All of this is part of an American Catholic Church that is extremely multicultural and multiethnic in a way that the U.S. Conference of Catholic Bishops simply is not.


The bishops that were at the Second Vatican Council (1962-1965) were great agents of change, but their successors in episcopacy today are very different. Much of the reason for this is that John Paul II and Benedict XVI had a clear policy of appointing bishops that were ideologically aligned with the pope. Today there are diverse "cohorts" of bishops that are culturally different. On the one side there are men that John Paul II and Benedict XVI appointed to the episcopacy. On the other side are those whom Francis has appointed and the few remaining active bishops whom Paul VI named.


This dichotomy also is true, to a certain sense, in the rest of the clergy. But while there are already those that identify as JP2-Benedict priests, it is still not clear if a generation of Pope Francis priests will ever really emerge.


Thirdly, the nonordained members of the Church are also much more fragmented than before. The Catholic laity was once shaped by Catholic Action (in Europe) and by tight-knit Catholic neighborhoods and schools (in North America). In general, they were inserted into a strong and all-embracing cultural Catholicism that no longer exists.

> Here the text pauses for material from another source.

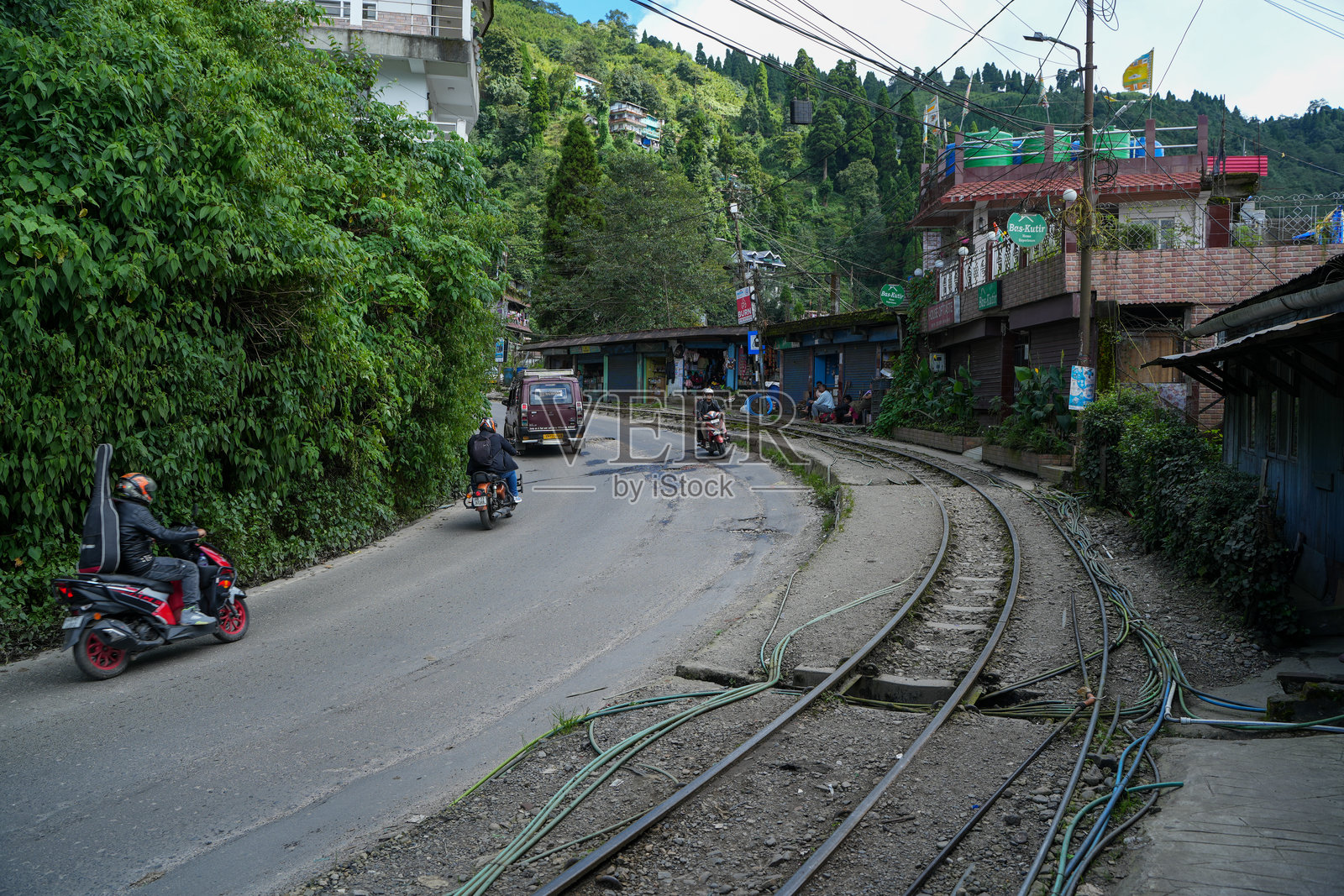 被宣布为世界遗产的达jeeling玩具火车线照片摄影图片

Today's Catholics are more ideologically diverse from each other and in some countries they are even quite polarized politically. In some cases their parish life has grown completely separated from other Catholics that are theologically different. A few years ago journalist Bill Bishop in his book The Big Sort talked about the clustering of the like-minded in America. Something like that has also happened within the Catholic Church, which is now more diverse, but also more divided.

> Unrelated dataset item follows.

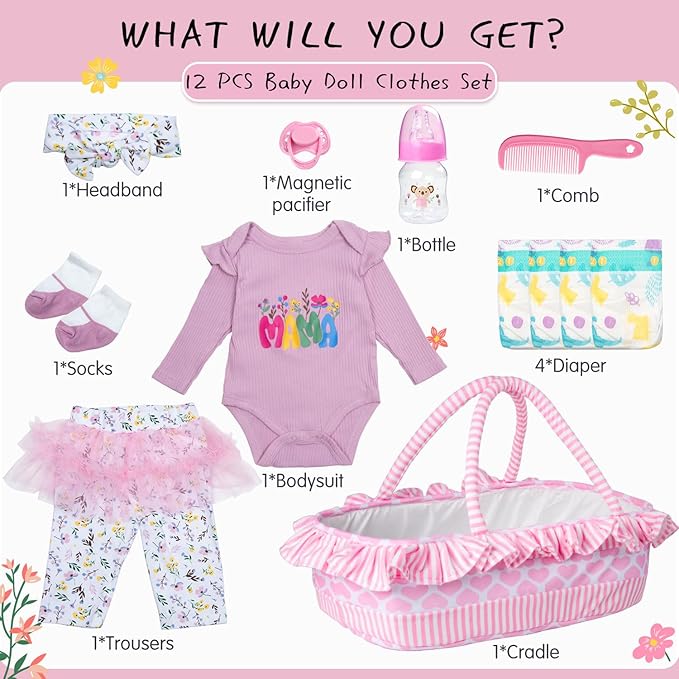 12 Pieces Reborn Baby Doll Clothes with Heart Bassinet & Diapers Accessories Set fit 17-24 Inch Girl Dolls Outdoor Dressing Outfit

Ecclesiastically this means the vast majority of lay Catholics want a less clerical Church. But when it comes to other issues of Church reform, they vary a lot, even within the same country and local Church. This increased fragmentation has also affected the so-called class of professional lay Catholics - Catholic journalists and writers, Catholic politicians (an endangered species that has almost completely disappeared even in a key-country for the Church like Italy) and Catholic theologians. There are very few places (real or virtual) where all these Catholics can meet despite their differences, especially when their theologies differ.  


At a big Vatican II conference held at the Jesuit university Unisinos in Porto Alegre (Brazil) at the end of May, French Jesuit Christoph Theobald (one of the most acute interpreters of the council) said the Church needed more than just reform. He said it first of all needs a "pedagogy of reform."


And this would require Catholics to become acquainted again with the difference between true and false reform in the Church, which was the title that Yves Congar, the most important theologian at Vatican II, gave to one of his books.


The Second Vatican Council is, to date, the latest important chapter in the history of great Church reforms. It worked on theological ideas, but it was also part of a general movement of even larger reforms, such as civil rights, labor laws and decolonization. That culture of reform, which was also part of the political culture of the 1960s, is no longer part of our current cultural landscape. It is enough to look at how difficult it has been in our day to forge a path of reform in places like Washington D.C. or in Brussels and Strasbourg, the twin capitals of the very much depressed European Union.


The Vatican of the post-World War II period was part of a political-cultural alignment that linked a newly unified and peaceful Europe and United States. The papacy can no longer count on this North Atlantic geopolitical alignment, not least because the future of Catholicism is elsewhere. More common today are the cases - for example, regarding immigration, the environment and global economic injustice - where secular politicians invoke the pope's authority. This is mainly because of their inability to bring about reform. Unfortunately, this, too, places yet another burden and unrealistic expectations on the shoulders of that lone man in Rome. 

Some things we have been reading  
Pope Francis, in Sweeping Encyclical, Calls for Swift Action on Climate Change
Jim Yardley & Laurie Goodstein      Jun.18, 2015

Pope Francis on Thursday called for a radical transformation of politics, economics and individual lifestyles to confront environmental degradation and climate change, as his much-awaited papal encyclical blended a biting critique of consumerism and irresponsible development with a plea for swift and unified global action.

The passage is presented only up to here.